Ławrow zapewniał o legalności referendum wczoraj wieczorem w rozmowie telefonicznej z sekretarzem stanu USA Johnem Kerrym. O jej przebiegu poinformowało dziś MSZ Rosji w swoim mikroblogu na Facebooku. Według rosyjskiego resortu zagranicznego do rozmowy doszło z inicjatywy strony amerykańskiej.

Minister również zwrócił uwagę na konieczność tego, aby obecne władze w Kijowie okiełznały wybryki ultranacjonalistycznych i radykalnych ugrupowań, terroryzujących myślących inaczej, ludność rosyjskojęzyczną i naszych rodaków - przekazało MSZ Rosji.

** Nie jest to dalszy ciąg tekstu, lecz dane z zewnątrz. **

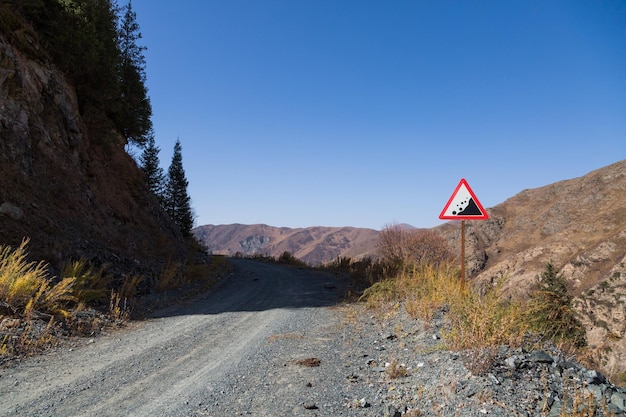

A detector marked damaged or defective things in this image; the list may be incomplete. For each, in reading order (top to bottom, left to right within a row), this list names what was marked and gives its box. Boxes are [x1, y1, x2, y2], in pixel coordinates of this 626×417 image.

rusty sign pole [436, 179, 490, 290]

Wcześniej wydało ono oświadczenie, w którym oznajmiło, że Moskwa "liczy na to, iż te państwa ONZ, które dotąd demonstrowały stronnicze i konfrontacyjne nastawienie w związku z sytuacją na Ukrainie, w tym podczas omawiania danego problemu w Radzie Bezpieczeństwa ONZ, znajdą w sobie siły, by wejść na drogę konstruktywnej współpracy w imię zażegnania kryzysu, zagwarantowania wszystkich praw obywateli Ukrainy, w tym mieszkańców wschodnich i południowo-wschodnich regionów".

Uważamy, że punktem wyjścia w danym wypadku powinno być wspólne zainteresowanie społeczności międzynarodowej pokojem i stabilnością na Ukrainie - wskazało MSZ FR.

Podkreśliło ono też, że inicjatywa Stanów Zjednoczonych, by Rada Bezpieczeństwa ONZ przyjęła rezolucję w sprawie sytuacji na Ukrainie, była "całkowicie bezpodstawna", gdyż wydarzenia w tym kraju "nie zagrażają międzynarodowemu pokojowi i bezpieczeństwu".

Wczoraj Rosja, zgodnie z przewidywaniami, zawetowała w Radzie Bezpieczeństwa ONZ przedstawiony przez USA projekt rezolucji potępiający krymskie referendum i wzywający do nieuznania jego wyników. Od głosu wstrzymały się Chiny, co sprawiło, że Federacja Rosyjska znalazła się na tym forum w izolacji.